A wishlist for ALL would probably get it recorded. A season pass - or even a straight recording using the guide, would not record the correct game. Neither would a wishlist which specifically called out one or more teams.

I left my scheduled recording active, and it recorded what it "thought" was the correct game. But obviously, the Tivo was incorrect, and what it really recorded was the Browns-Ravens game. I went to a different unit and manually setup a recording. It is still on my "To Do" list. The first unit has no further recordings scheduled, so clearly without the manual recording it would not have recorded.


----------



## JohnS-MI (Jan 25, 2014)

At 7 PM my Roamio Basic correctly shows the teams playing tonight


----------



## wmhjr (Dec 2, 2007)

Can you specifically show what it says? I'm assuming you mean that when you looked at 7pm, the entry for the 8:20pm game is correct? Explicitly showing Bengals/Steelers?

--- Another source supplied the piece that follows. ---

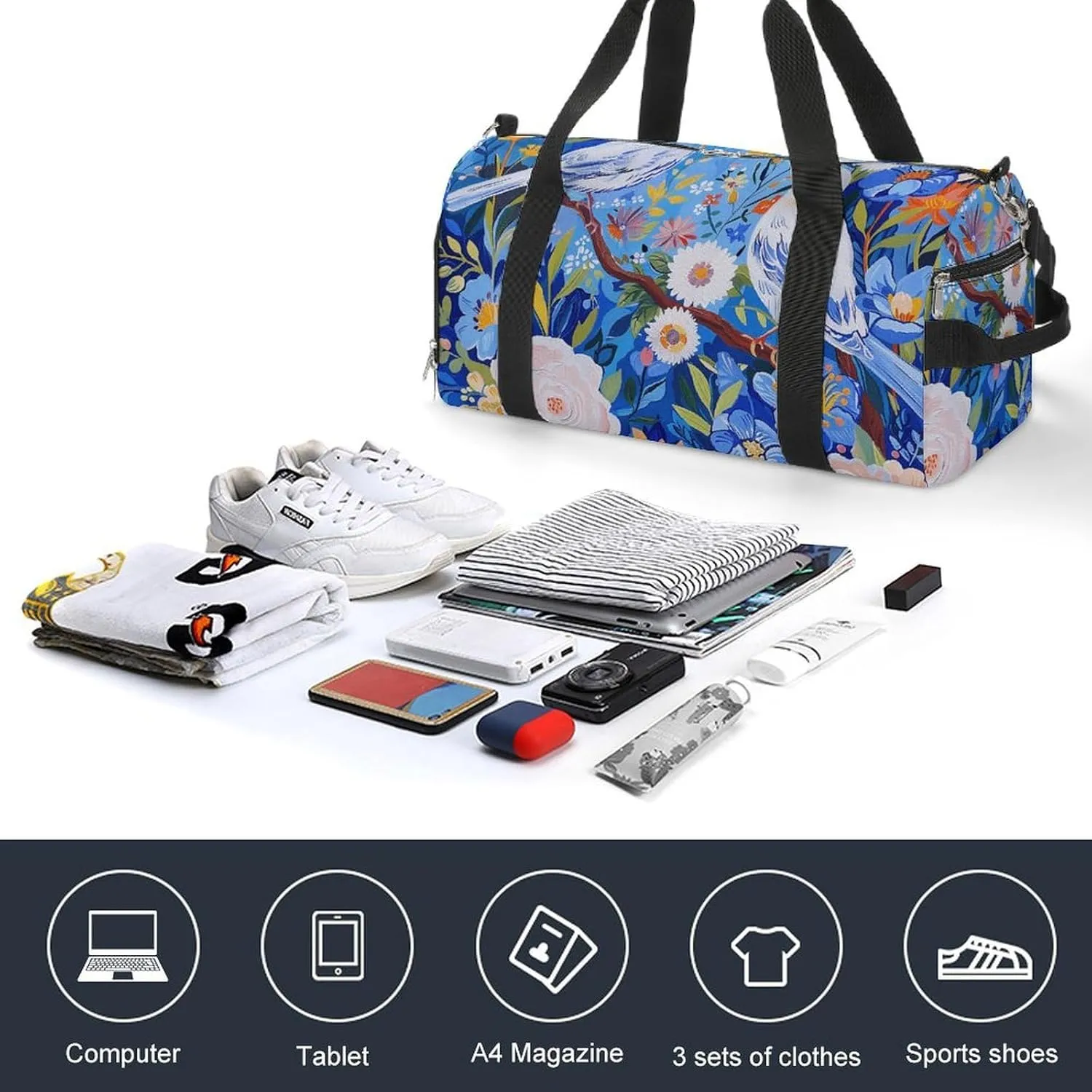 Gym Bag Flowers And White Birds Duffel Bag for Men Women Overnight Bag with Shoe Compartment Workout Bags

That would be very odd, since I just checked both of my Roamio Pros, both of my minis, and my Premier. All continue to be incorrect. At this point, all of the devices except for one mini has been rebooted. Both Roamio Pros and the Premier had a (successful) forced connection. And finally, one Roamio Pro was put entirely through the guided setup all over again to load data fresh.


----------



## JohnS-MI (Jan 25, 2014)

wmhjr said:


> Can you specifically show what it says? I'm assuming you mean that when you looked at 7pm, the entry for the 8:20pm game is correct? Explicitly showing Bengals/Steelers?
> 
> That would be very odd, since I just checked both of my Roamio Pros, both of my minis, and my Premier. All continue to be incorrect. At this point, all of the devices except for one mini has been rebooted. Both Roamio Pros and the Premier had a (successful) forced connection. And finally, one Roamio Pro was put entirely through the guided setup all over again to load data fresh.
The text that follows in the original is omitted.